Basically uniquepaths( row, column ) = 0 if row > N || column > N
1 if row ==N && column == N
uniquepaths(row+1, column) + uniquePaths(row, column+1)
i.e, the solution have optimal substructure and overlapped subproblems. So, it can be solved using Dynamic Programming. Below is memorization (lazy/on demand) version of it (related which basically returns paths as well: Algorithm for finding all paths in a NxN grid) (you may refer to my blog for more details: http://codingworkout.blogspot.com/2014/08/robot-in-grid-unique-paths.html)

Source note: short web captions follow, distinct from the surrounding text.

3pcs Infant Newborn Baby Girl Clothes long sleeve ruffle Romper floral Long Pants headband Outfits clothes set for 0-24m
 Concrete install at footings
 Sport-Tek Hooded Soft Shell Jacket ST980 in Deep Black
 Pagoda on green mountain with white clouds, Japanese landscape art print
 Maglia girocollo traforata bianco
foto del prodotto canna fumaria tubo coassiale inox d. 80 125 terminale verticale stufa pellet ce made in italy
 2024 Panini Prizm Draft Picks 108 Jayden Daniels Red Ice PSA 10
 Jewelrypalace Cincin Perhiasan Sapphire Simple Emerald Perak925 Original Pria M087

private int GetUniquePaths_DP_Memoization_Lazy(int?[][] DP_Memoization_Lazy_Cache, int row,
int column)
{
int N = DP_Memoization_Lazy_Cache.Length - 1;
if (row > N)
{
return 0;
}
if (column > N)
{
return 0;
}
if(DP_Memoization_Lazy_Cache[row][column] != null)
{
return DP_Memoization_Lazy_Cache[row][column].Value;
}
if((row == N) && (column == N))
{
DP_Memoization_Lazy_Cache[N][N] = 1;
return 1;
}
int pathsWhenMovedDown = this.GetUniquePaths_DP_Memoization_Lazy(DP_Memoization_Lazy_Cache,
row + 1, column);
int pathsWhenMovedRight = this.GetUniquePaths_DP_Memoization_Lazy(DP_Memoization_Lazy_Cache,
row, column + 1);
DP_Memoization_Lazy_Cache[row][column] = pathsWhenMovedDown + pathsWhenMovedRight;
return DP_Memoization_Lazy_Cache[row][column].Value;
}
where the caller is
int GetUniquePaths_DP_Memoization_Lazy(int N)
{
int?[][] DP_Memoization_Lazy_Cache = new int?[N + 1][];
for(int i =0;i<=N;i++)
{
DP_Memoization_Lazy_Cache[i] = new int?[N + 1];
for(int j=0;j<=N;j++)
{
DP_Memoization_Lazy_Cache[i][j] = null;
}
}
this.GetUniquePaths_DP_Memoization_Lazy(DP_Memoization_Lazy_Cache, row: 1, column: 1);
return DP_Memoization_Lazy_Cache[1][1].Value;
}
Unit Tests
[TestCategory(Constants.DynamicProgramming)]
public void RobotInGridTests()
{
int p = this.GetNumberOfUniquePaths(3);
Assert.AreEqual(p, 6);
int p1 = this.GetUniquePaths_DP_Memoization_Lazy(3);
Assert.AreEqual(p, p1);
var p2 = this.GetUniquePaths(3);
Assert.AreEqual(p1, p2.Length);
foreach (var path in p2)
{
Debug.WriteLine("===================================================================");
foreach (Tuple<int, int> t in path)
{
Debug.Write(string.Format("({0}, {1}), ", t.Item1, t.Item2));
}
}
p = this.GetNumberOfUniquePaths(4);
Assert.AreEqual(p, 20);
p1 = this.GetUniquePaths_DP_Memoization_Lazy(4);
Assert.AreEqual(p, p1);
p2 = this.GetUniquePaths(4);
Assert.AreEqual(p1, p2.Length);
foreach (var path in p2)
{
Debug.WriteLine("===================================================================");
foreach (Tuple<int, int> t in path)
{
Debug.Write(string.Format("({0}, {1}), ", t.Item1, t.Item2));
}
}
}

There will be infinite no of ways. This is because you can form an infinite loop of positions and thus infinite possibilities. For ex:- You can move from (0,0) to (0,1) then to (1,1), then (1,0) and back again to (0,0). This forms a loop of positions and thus anyone can go round and round these types of loops and have infinite possibilities.